■ **EXERCISE GOAL**
Reproduce exactly the line containing "ELEGRP Chargeur portable" and each line after it until the listing ends, leaving pictures out.

^^^^^^^^

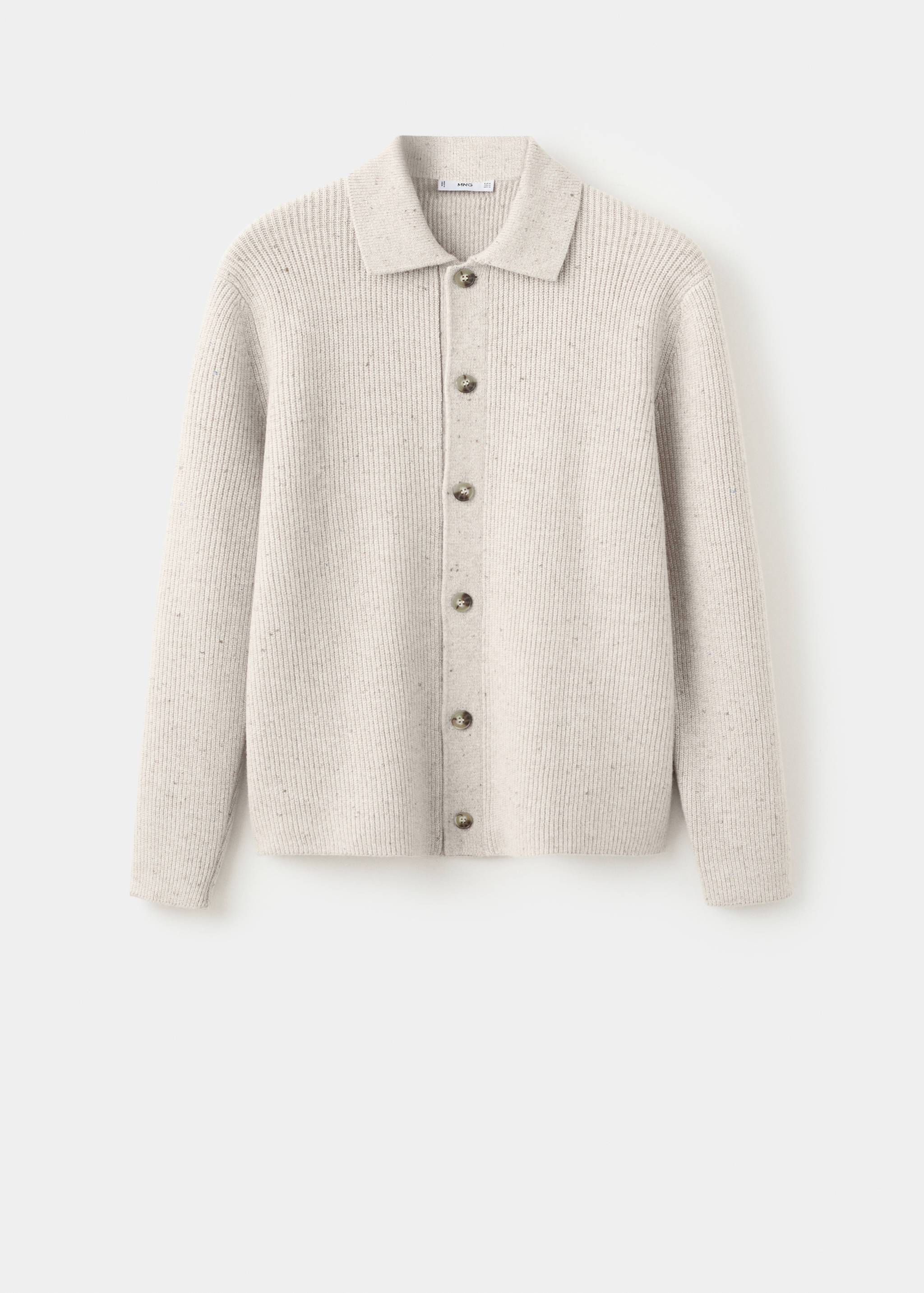 Cárdigan punto canalé - Artículo sin modelo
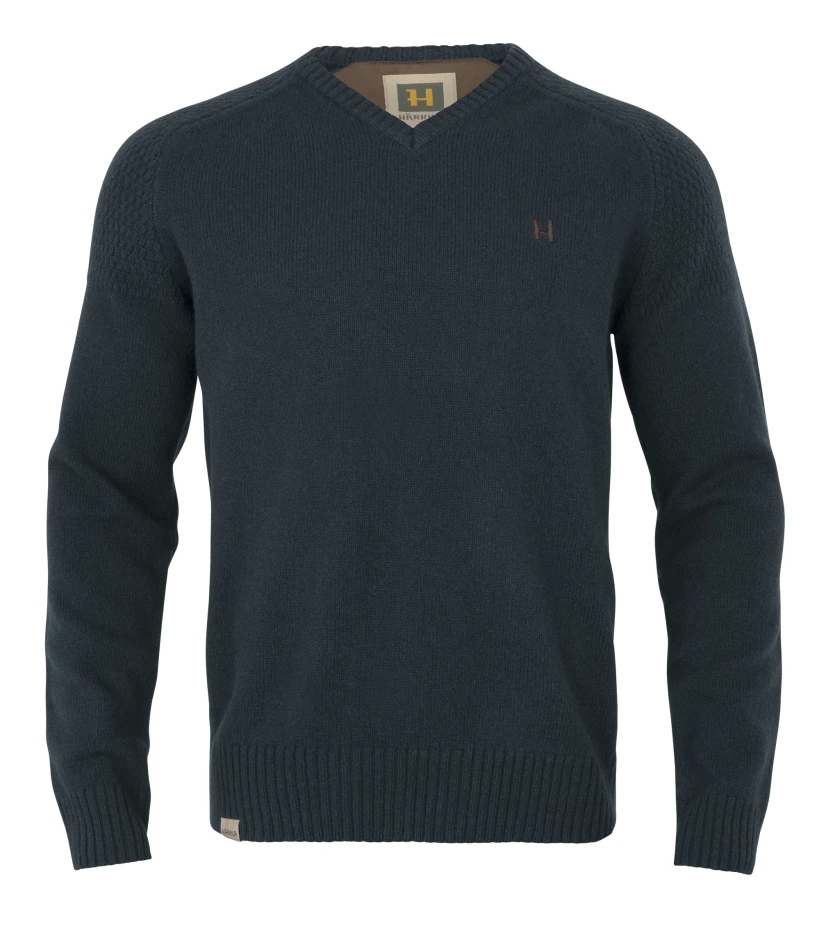 Harkila Vincent Merino V-Neck Pullover, kolor: Dark Navy 1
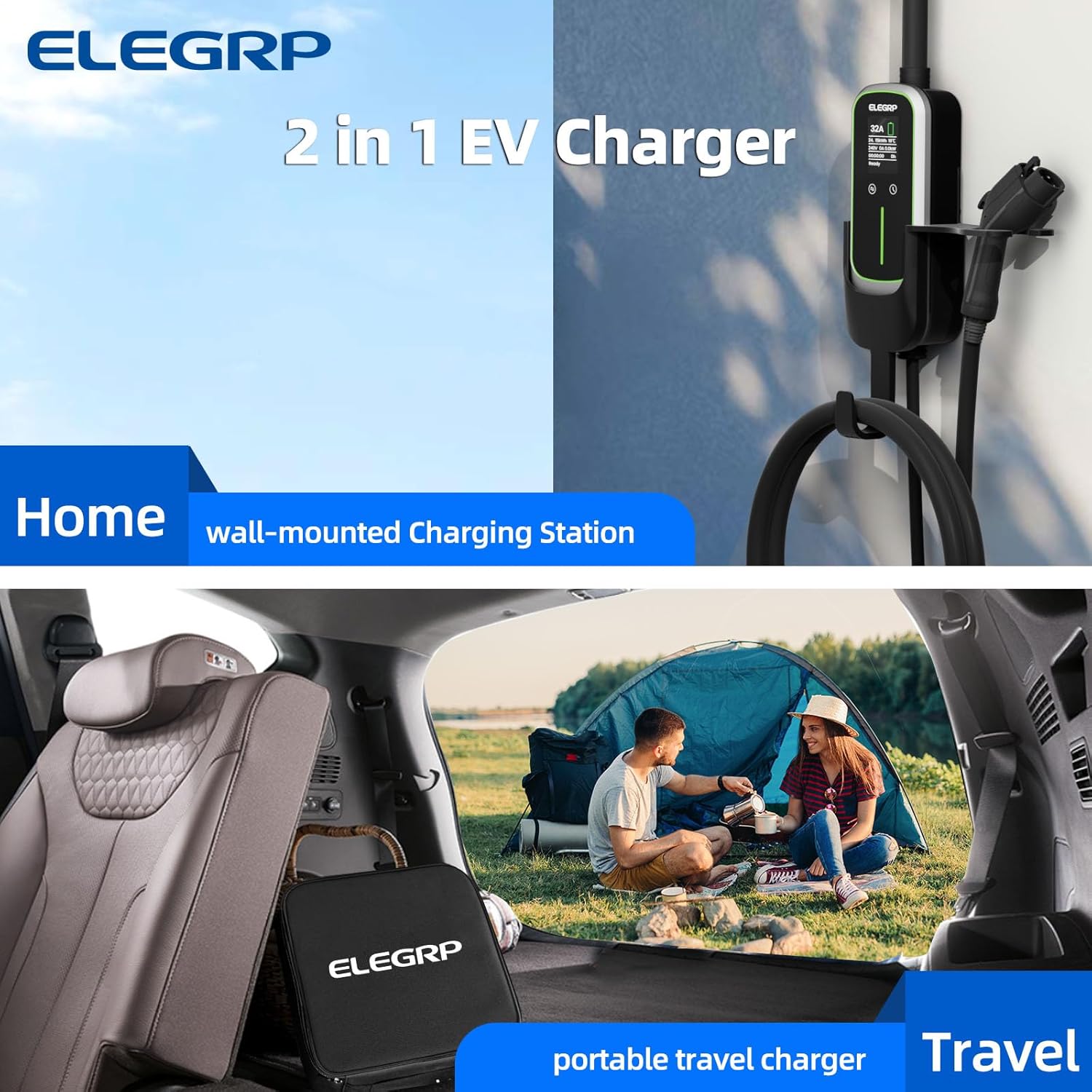 ELEGRP Chargeur portable pour  - Home Ev Charger avis et prix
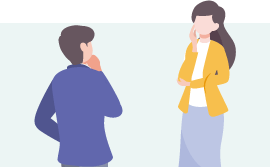 不動産相続で争っている イラスト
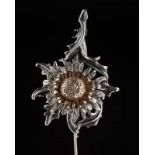 Brosche im Jugendstil / Jugendstil Brooch925er Silber / Silver 925/000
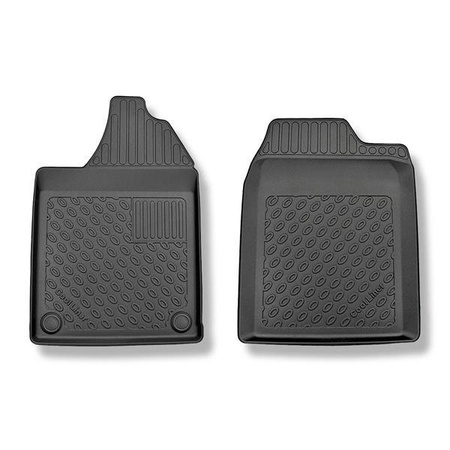 TPE Fußmatten Auto für Aixam Crossline Crossover (2005-2010) - schwarz Automatten Autoteppiche - Aristar - Cool liner - Set - 2 St.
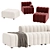 Modern 3D Studio Sofa Model 3D model small image 2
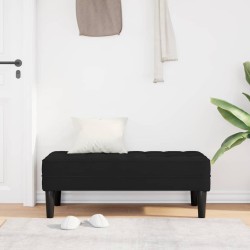 banc avec coussin Noir 113 x 57 x 39 cm Velours 523908523908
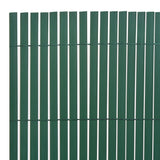 NNEVL Double-Sided Garden Fence 110x500 cm Green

^^^^^^^^

■ **SOLVED PROBLEM**
 ELEGRP Chargeur portable pour  - Home Ev Charger avis et prix
 不動産相続で争っている イラスト
 Brosche im Jugendstil / Jugendstil Brooch925er Silber / Silver 925/000
 TPE Fußmatten Auto für Aixam Crossline Crossover (2005-2010) - schwarz Automatten Autoteppiche - Aristar - Cool liner - Set - 2 St.
 Modern 3D Studio Sofa Model 3D model small image 2
 banc avec coussin Noir 113 x 57 x 39 cm Velours 523908523908
 NNEVL Double-Sided Garden Fence 110x500 cm Green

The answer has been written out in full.